Hi @mohsen3, thanks for pointing out the formatting issue. Always interested in hearing from people with local knowledge of the countries/languages we (attempt to) cover.

There are a couple of ways to fix that although since libpostal uses a machine learning model and takes some time to train, the changes would not show up immediately. However, we do automatically use the latest version of address-formatting during training, so a pull request to that repo will definitely affect the addresses libpostal generates. If you send them pull request in the next few days, the changes will make it into the next libpostal release, which I'm working on now.

One of the things I've added to address-formatting that might be useful is the ability to have multiple configs for each country depending on which language is being used. Examples where this is currently implemented are China, Japan, and South Korea, where the English format is the reverse of the format in the respective local languages. Something similar could be done for Farsi by adding an IR_fa and specifying an English-only format in a separate IR_en config if there are any formatting differences between the two languages.

Also, if there are multiple formats, libpostal has an internal formatting config for dealing with that case. In this config it's possible to specify rules for generating the training data like "move house before city 10% of the time for language x in country y".

mohsen3 commented 6 years ago

Thank you @thatdatabaseguy. I am currently reading through the second part of your Statistical NLP on OSM article and I noticed the extra config right after I posted the issue. By the way, the articles are very instructive. The extra config file is a great idea. But I am not sure how to adjust it to handle this case.

OpenCage's format for Iran is apparently wrong. But I am not sure what the right format would be. The official format suggested by Iranian post office is neighborhood/main street/secondary street/house. I guess, the easiest/fastest fix is to change Iran's template from generic17 to generic11 in OpenCage config file.

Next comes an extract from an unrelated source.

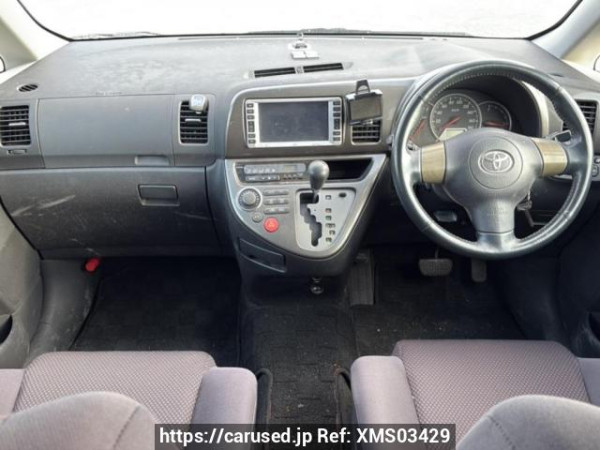 Used 2004 AT toyota wish ZNE10G Image[15]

People, however, use their own format that typically starts with an important street or square/roundabout in the city and follows the path to the destination. It's just like telling you how to get to the destination starting from a well known place. So the path might be something like:

Tehran, Enghelab square, N Karger st., Forsat-e-Shirazi st., Parvin alley, No. 33

Squares/roundabouts play an important role in the Iranian city structures. You can find them even in the middle of addresses:

Main st., Second roundabout, 4th w. st., No. 55

  1. I am not sure if it is easy to generate such samples from OSM files
  2. Ideally, we should get a list of streets/squares as the parsed output but I am not sure if libpostal has such a capability at all.
albarrentine commented 6 years ago

Hm, so for OpenCage I think I'd recommend using the UPU format, and then whatever alternatives need to be added we can do on the libpostal side (building names, etc.).

That would look like:

IR: 
    address_template: |
        {{{attention}}}
        {{{house}}}
        {{#first}} {{{city}}} || {{{town}}} || {{{village}}} {{/first}}
        {{#first}} {{{suburb}}} || {{{city_district}}} || {{{neighbourhood}}} {{/first}}
        {{{road}}}
        {{{house_number}}}
        {{{state_district}}}
        {{#first}} {{{province}}} || {{{state}}} {{/first}}
        {{{postcode}}}
        {{{country}}}

Or if there's a more common format that's fine too. Would need to modify the Iran test case as well.

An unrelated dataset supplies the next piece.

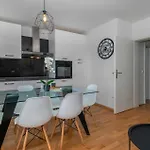 2 Bedroom Awesome In *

For lengthier street names, OSM does have the notion of a "parent street" (using the addr:parentstreet tag), which libpostal respects and will join the street names if that tag is present. However, that tag only appears to be used in the UK. It might be worth bringing up as a guideline in the Iran OSM community and adding that tag to some addresses. However, the parser should generally be able to handle multiple street names just fine. Even in the examples above, the parser can correctly identify the entire street name block, though it wouldn't split up each street, just identify that "enghelab square n karger st. forsat-e-shirazi st. parvin alley" is one continuous block of road tokens.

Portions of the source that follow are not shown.